# How to remove a faux fireplace from a plaster lath wall



## Just Bill (Dec 21, 2008)

Probably nailed. I would start at the top board with a few whacks up with a hammers. Something should move. Then the columns. Wonder bars work wonders...... Can't really see how the mirror is held, usually with trim or molding.


----------



## Fix'n it (Mar 12, 2012)

that has value, to someone. and it probably isn't much. i would just bust it out. perhaps trying to save a few of the pieces for other uses. and watch out for the wires.


----------



## Ravenworks (Oct 31, 2010)

How do you plan on fixing the wall so it matches?
What about the trim and the floor under this?
You better think about this before you get into it.


----------



## user1007 (Sep 23, 2009)

Tape the mirror so you don't get cut or have glass shards all over if it gives on you. The whole thing looks like it was made from trim and molding pieces so as mentioned, use a nice flat bar and I am guessing you can just pull it apart. 

You have a decent picture so if you disassemble and mark all the pieces you could try listing it on Craig's List for a few schillings. I wouldn't get my hopes up though.


----------



## GarfE (Apr 9, 2012)

I hope it's a relatively easy piece to pry off the wall. I don't think it's made of trim work. The house was built around 1890-1900. It's a real solid piece of work. I'm hoping I can just pull it off with little harm to the plaster. 

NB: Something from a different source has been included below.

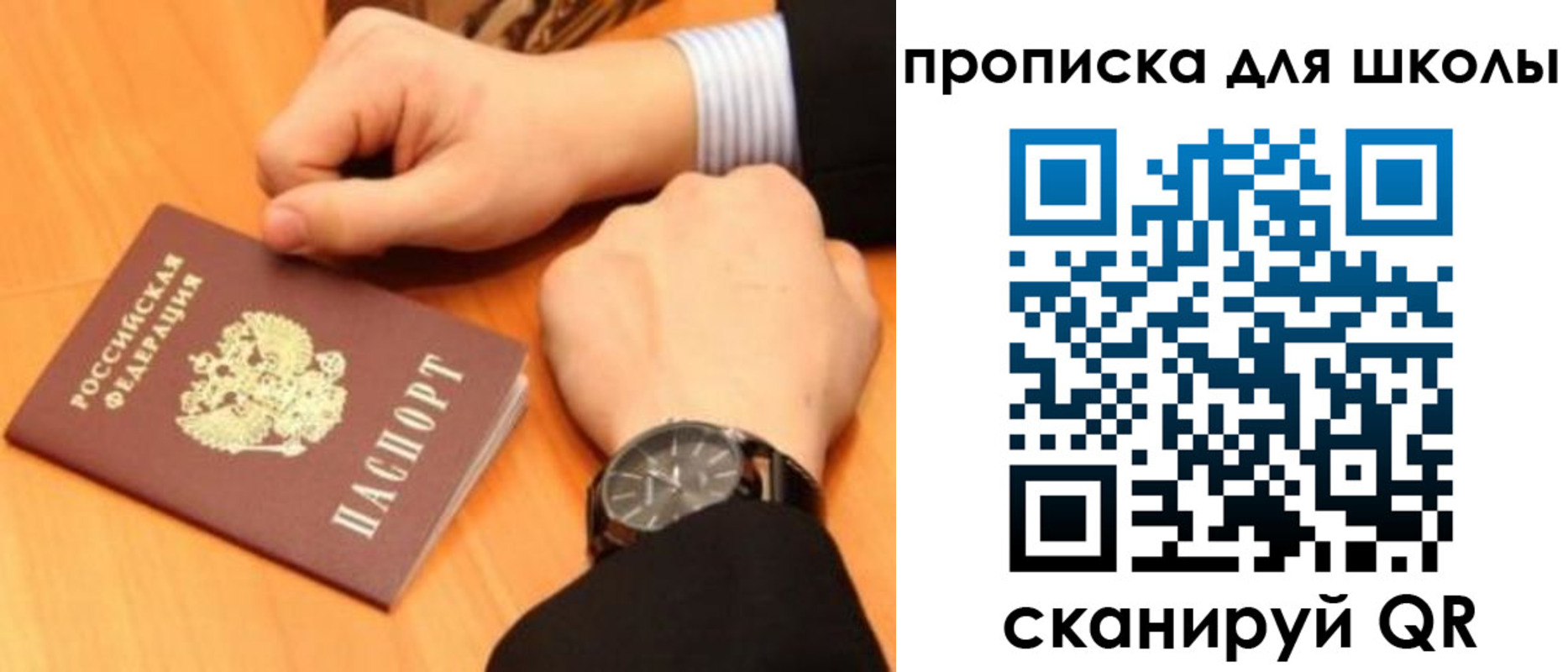 временная регистрация надежно в Камчатской области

The difficult thing is that it is placed on a corner that was built out between two walls. Where there should be a 90deg corner where the wall with the pocket doors intersect with the interior wall of the room, there is this wall with the fireplace mantle.... Taking up most of the wall. There's only about 3-5 inches from the mantle to either side of the two walls. Not much space for work with tools.

Will using a pry bar destroy the walls? I've never worked with plaster walls. Previously I've only worked with drywall in my previous house


----------